Thanks to everyone for the support. I am feeling better. I think one of the hardest things about my hubby being gone is finding a happy medium between missing him constantly or being too busy to think about him at all. LOL! When you are married but living on your own for a year, your mind can be confused!
Anyway, I am thrilled for the friends I am making, the new commitment to good habits, and for fun in my life. I have a new plan to budget and get to Move Studio 5 times a week. Woo hoo! Although today I am so sore …wow. I got my butt KICKED in class yesterday. 🙂
In other news, I have been thinking. You know, I have so many regrets in my life. Often it is hard to focus on the future instead of getting down about the bad choices I made that are still effecting my life today. On the other hand, I feel so sad for those who say they live with “no regrets” with a smile. It makes me sad because without regrets, we are not in need of God. We would have no reason to change, grow closer to Him, or seek forgiveness. I guess living with no regrets is not all it’s cracked up to be…

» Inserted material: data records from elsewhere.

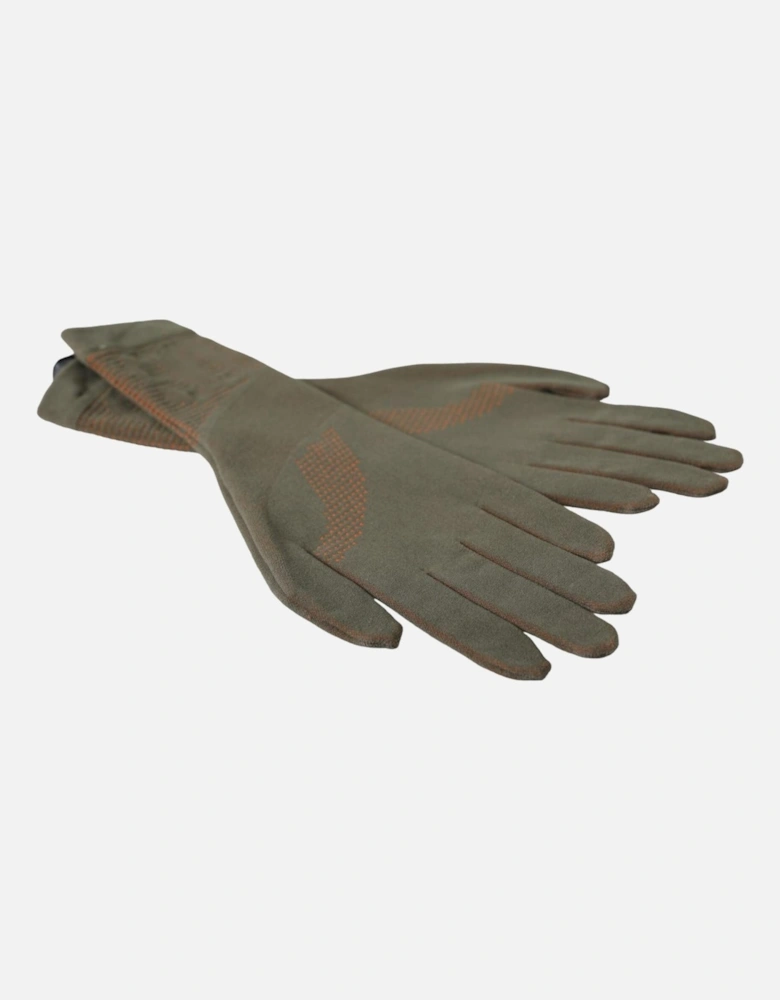 Wrist Length Cotton Gloves with Logo Details Women - Brown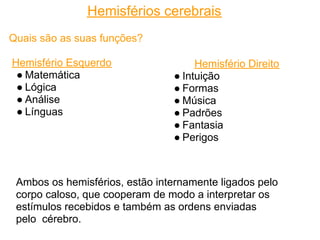 Hemisférios cerebrais
Quais são as suas funções?

Hemisfério Esquerdo                  Hemisfério Direito
 ● Matemática                   ● Intuição
 ● Lógica                       ● Formas
 ● Análise                      ● Música
 ● Línguas                      ● Padrões
                                ● Fantasia
                                ● Perigos



 Ambos os hemisférios, estão internamente ligados pelo
 corpo caloso, que cooperam de modo a interpretar os
 estímulos recebidos e também as ordens enviadas
 pelo cérebro.
 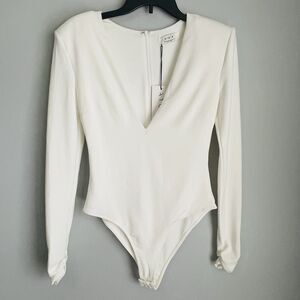NEW Atoir Exton Deep V Neck Bodysuit Women's Size 4 White High Cut Long Sleeve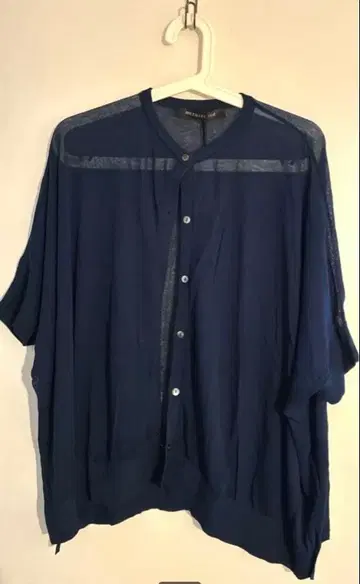 미즈이로 인디 네이비 칠부 소매 가디건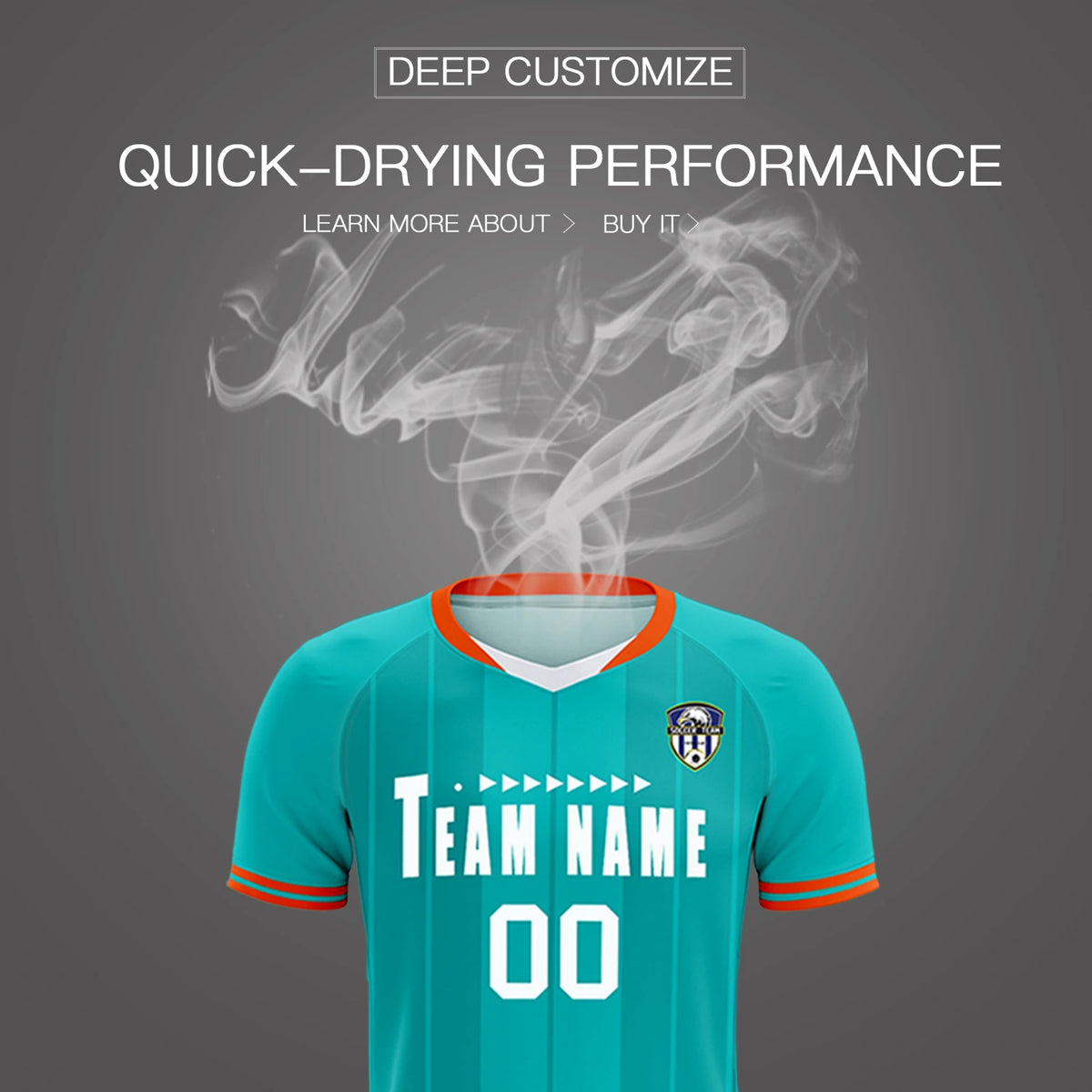 Custom Aqua Orange-Black Design Uniform Soccer Sets Jersey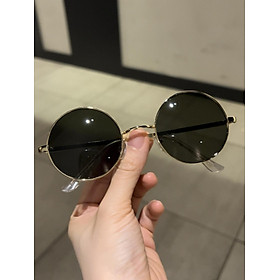 Kính râm Mắt tròn xoe thầy bói gọng kim loại vàng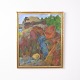 Painting on canvas with colorful motif in a gilt frame ...
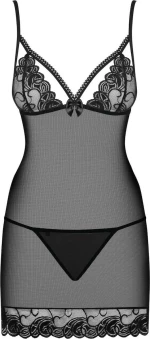 Obsessive Wonderia Tempting Chemise & Thong Black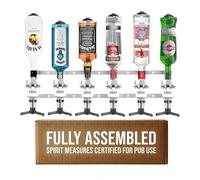 Chabrias Ltd Chrome 6 Bottle Wall Bar Rail + 35ml Spirit Optic Measure 35ml - UK Made, Fully Assembled Metal Bracket & Pub Trade Compliant, Traditional Chrome, Fits 70cl-1.5L Bottles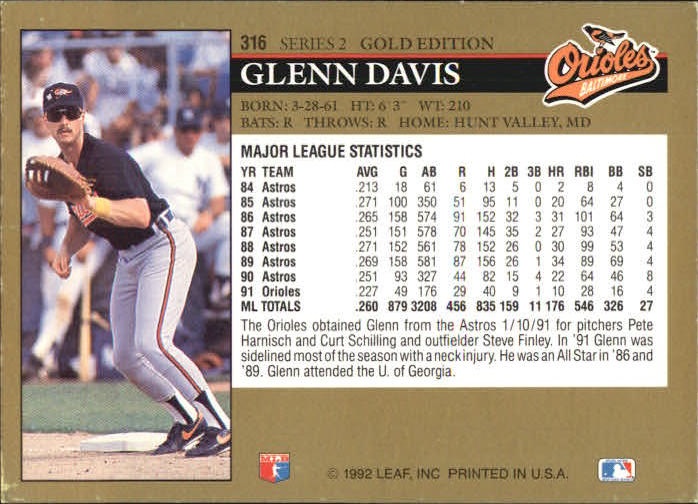 1992 Leaf Black Gold #316 Glenn Davis back image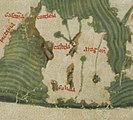 Detalle do noroeste da península ibérica no mapa de Paulo de Venecia. Relacionado co mapa de Pietro Vesconte, emprega Galicia como nome identificativo do noroeste peninsular. Ano ca. 1320.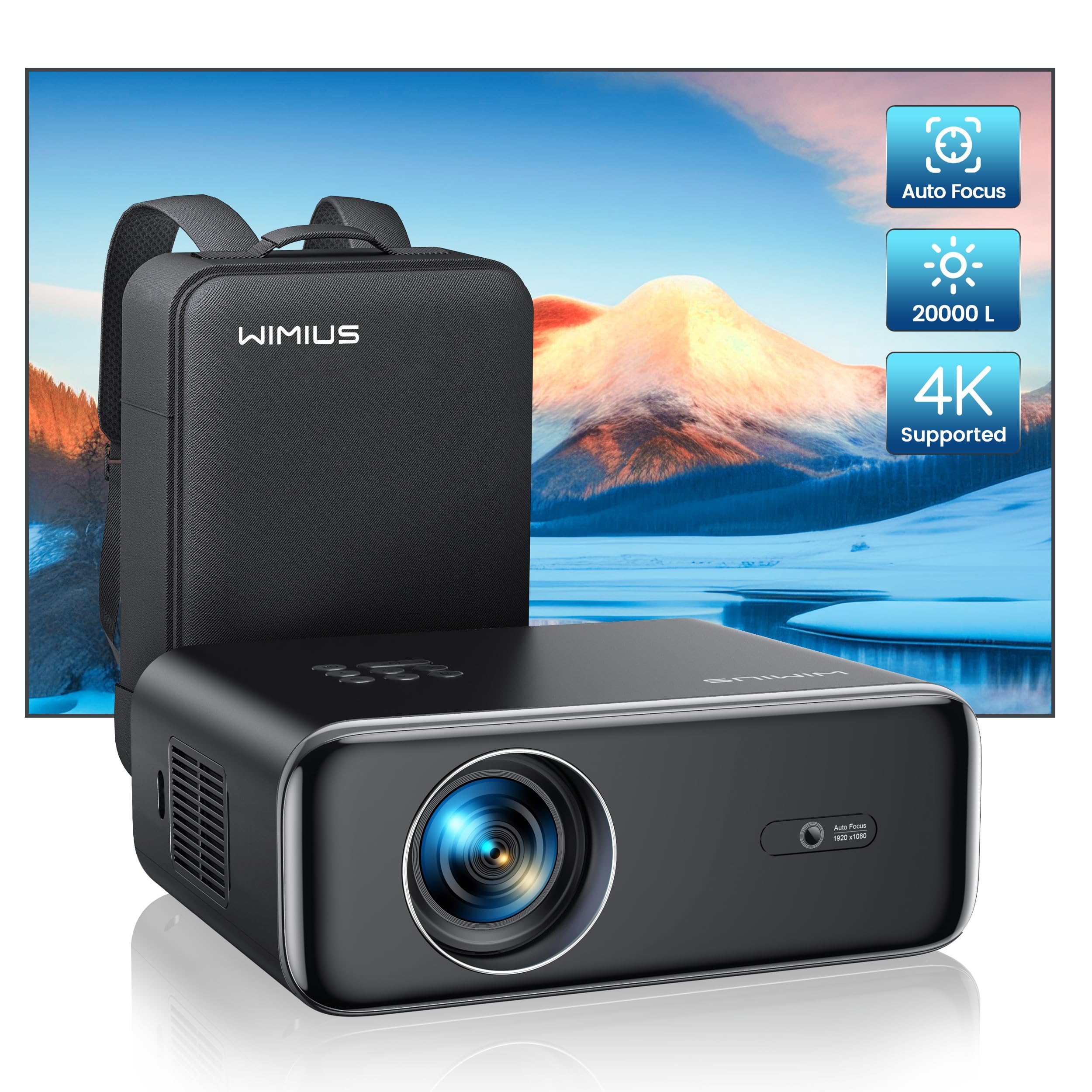 WiMiUS 4K Projector with Auto Focus & Keystone - 30000 Lumens Full HD 1080P, WiFi6 Bluetooth, 50% Zoom - Portable Home Theater for Movies, Gaming (PS5), Outdoor Movie Nights with Phone/TV Stick Compatibility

I am giving up fast food. Today I wanted Taco Bell so bad it was RIDICULOUS! I am praying for will power. What’s the point in working out so hard if I am eating junk? Oh but how I love the junk… Eating has always been comforting and relaxing for me. I need to learn to depend on God instead of eating myself into …REGRET. 🙂
I started sewing and am making Jo a present. Possibly for her B-day, but I hope to have it ready sooner. It is fabulous for my first BIG project. It probably won’t be big to her, but to me it has been a challenge. I’m proud of how it’s turning out and think Jo will love it.